Insights in Hypothesis Testing and Making Decisions in Biomedical Research
Abstract
It is a fact that p values are commonly used for inference in biomedical and other social fields of research. Unfortunately, the role of p value is very often misused and misinterpreted; that is why it has been recommended the use of resampling methods, like the bootstrap method, to calculate the confidence interval, which provides more robust results for inference than does p value. In this review a discussion is made about the use of p values through hypothesis testing and its alternatives using resampling methods to develop confidence intervals of the tested statistic or effect measure.

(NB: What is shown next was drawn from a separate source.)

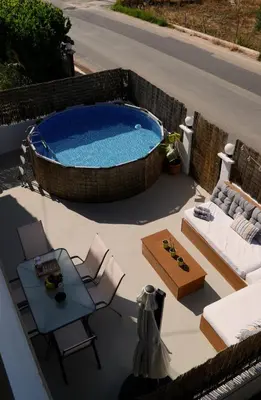 a swimming pool on the roof of a house at IKARUS apartment with courtyard & pool in Chania in Stérnai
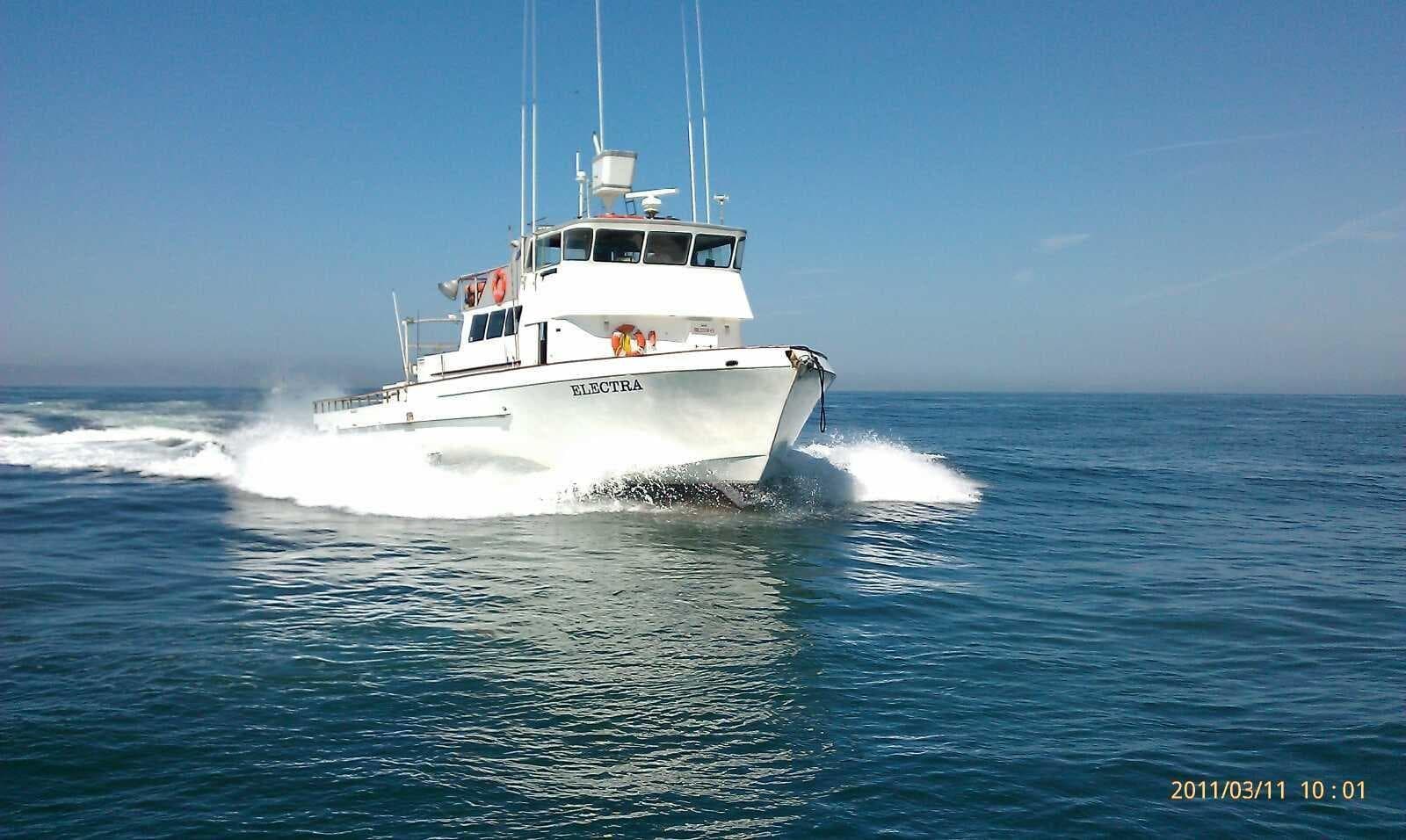 Sportfishing boat cruising offshore in sunny Pacific waters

BRIEF HISTORY OF HYPOTHESIS TESTING
At first it has to be clarified that a "significance test" is different to a "hypothesis test". Many textbooks, especially in social and biomedical sciences, mix these two approaches to a logically flawed mishmash, which is referred as "null-hypothesis significance test". However, null-hypothesis significance test is a combination of ideas developed in the 1920s and 1930s, primarily by Ronald Fisher (1925) and Jerzy Neyman & Egon Pearson (1933) [1]. These two testing approaches are not philosophically compatible even if they are technically related. Fisher developed tests of significance as an inferential tool. The main reason was to walk away from the subjectivism inherent to Bayesian inference (i.e., namely in the form of giving equal prior probabilities to hypotheses) and substitute a more objective approach. However, Fisher’s tests also depend on two other important elements: research methodology (Fisher pioneered experimental control, random allocation to groups, etc.) and small samples. Neyman & Pearson liked Fisher’s approach, although lacked a strong mathematical foundation. As their theory progressed, the approach stopped being an improvement on Fisher’s approach and became a different approach. The main differences between Fisher and Neyman & Pearson approaches are both philosophical and technical. Philosophically, Neyman and Pearson’s approach assumes a known hypotheses, and it is based on repeated sampling from the same population, focuses on decision making, and aims to control decision errors in the long run. Thus, it can be considered as less inferential and more deductive. Technically, Neyman and Pearson’s approach uses Fisher’s tests of significance, but also incorporates other elements, like effect sizes, Type II errors, and the power of the statistical test. Neyman and Pearson also incorporated other methodological improvements, such as random sampling [2-15].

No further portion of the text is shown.